Isnt it that Except 5 & 6 other numbers are not favorable.
Or to put it other way. If we get any of the other 4 (1,2,3,4) we end up not getting any reward.
So I am saying if say we were asked
"Suppose we modify a dice rolling game in your favor. You pay 3k(dollars) to play, and now you win and get a 10k(dollars) payoff if you get either a 5or6 a , but no 1s & 2s; otherwise, you lose."
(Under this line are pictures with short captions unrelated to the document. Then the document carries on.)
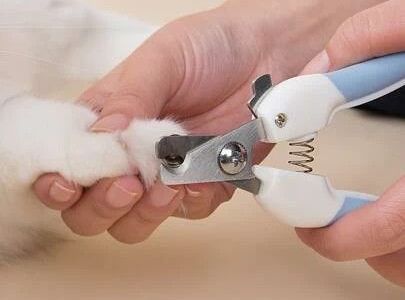 เครื่องตัดเล็บสัตว์เลี้ยง ไอเท็มเล็กๆ ที่ช่วยดูแลสุขภาพน้องหมาน้องแมวได้มากกว่าที่คิด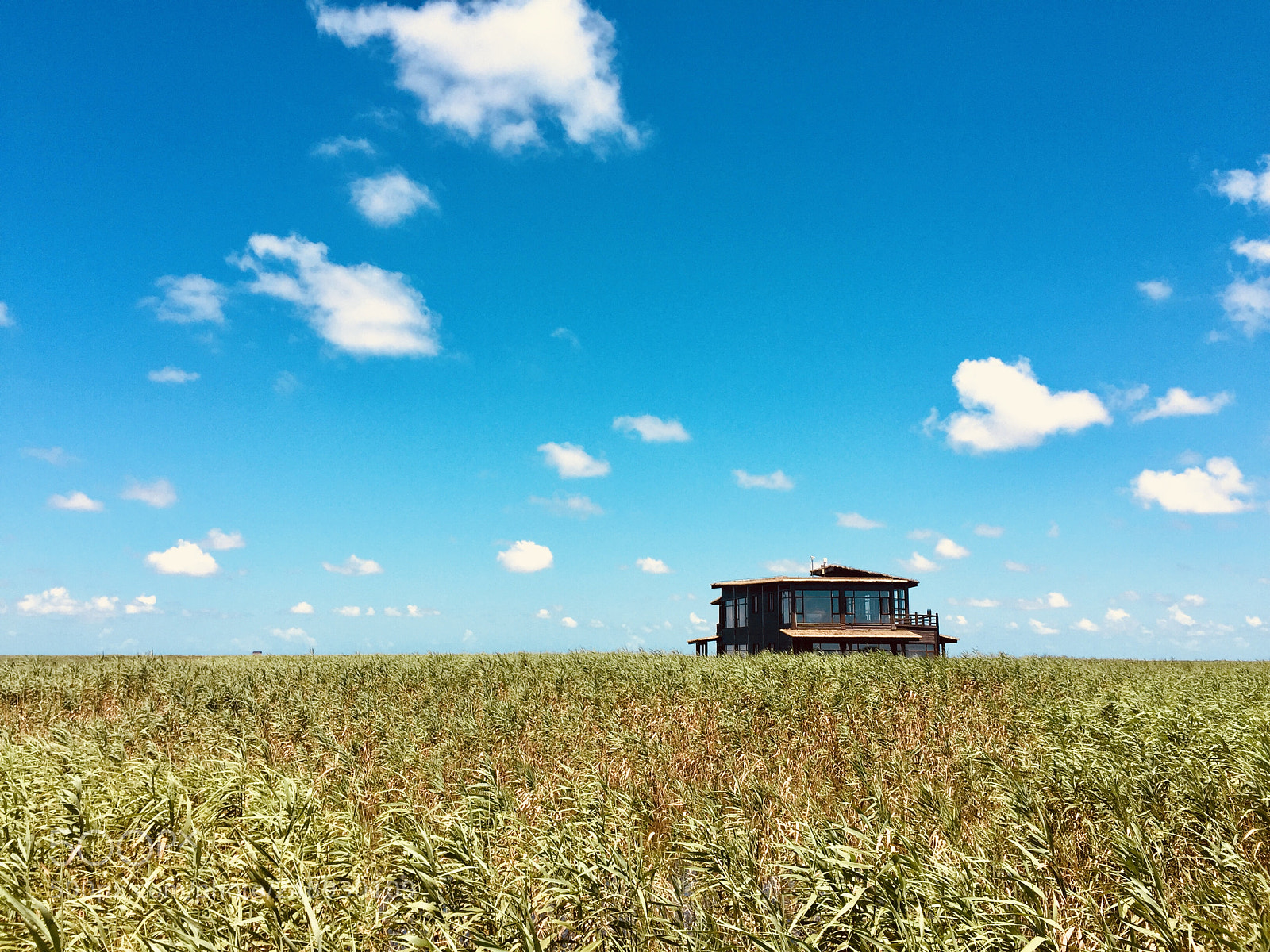 Apple iPhone 6 sample photo. Chongming island photography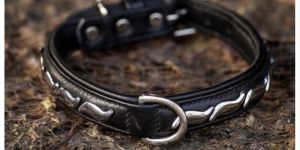 Leather Dog Collar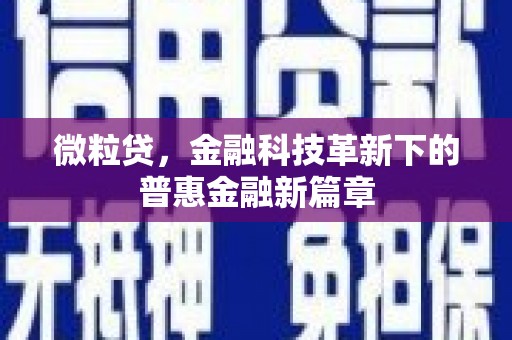濮阳微粒贷，金融科技革新下的普惠金融新篇章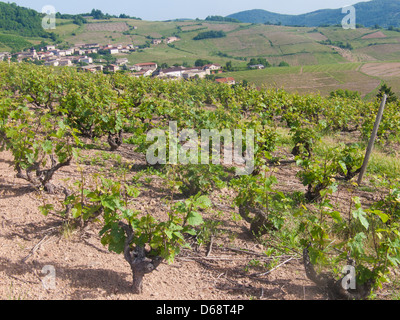 Vigne, vauxrenard, Beaujolais, RHONE, FRANCIA Foto Stock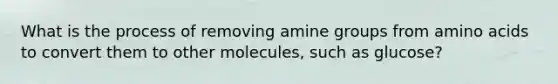 What is the process of removing amine groups from amino acids to convert them to other molecules, such as glucose?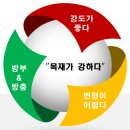 중목구조에 대한 궁금증, 핵심 알짜 정보로 속 시원히 해결해보세요!! 이미지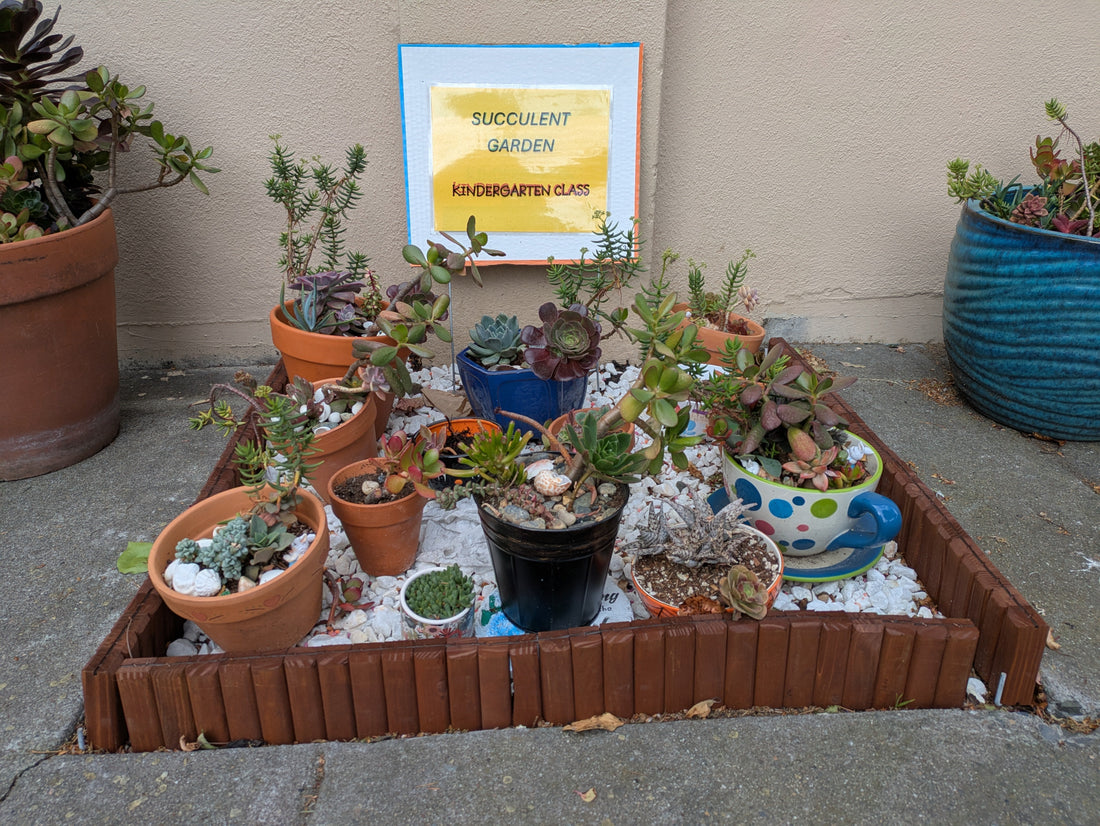 An unexpected tiny succulent garden and the beauty of small spaces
Does the favorable outcomes now become $(4^n – 2^n)/6^n$
Regards
Best Answer
We want to count the rolls where at least one $5$ or one $6$ comes up, but no $1$s. First of all, there are $5^n$ rolls that have no $1$s. From those, we have to exclude the rolls where no $5$ or $6$ shows up, that is those rolls where the only numbers that come up are $2,3,4$. There are $3^n$ of these. This explains the first calculation.
For the second calculation, the same sort of reasoning shows that excluding both $1$s and $2$s does indeed lead to $4^n-2^n$ favorable outcomes.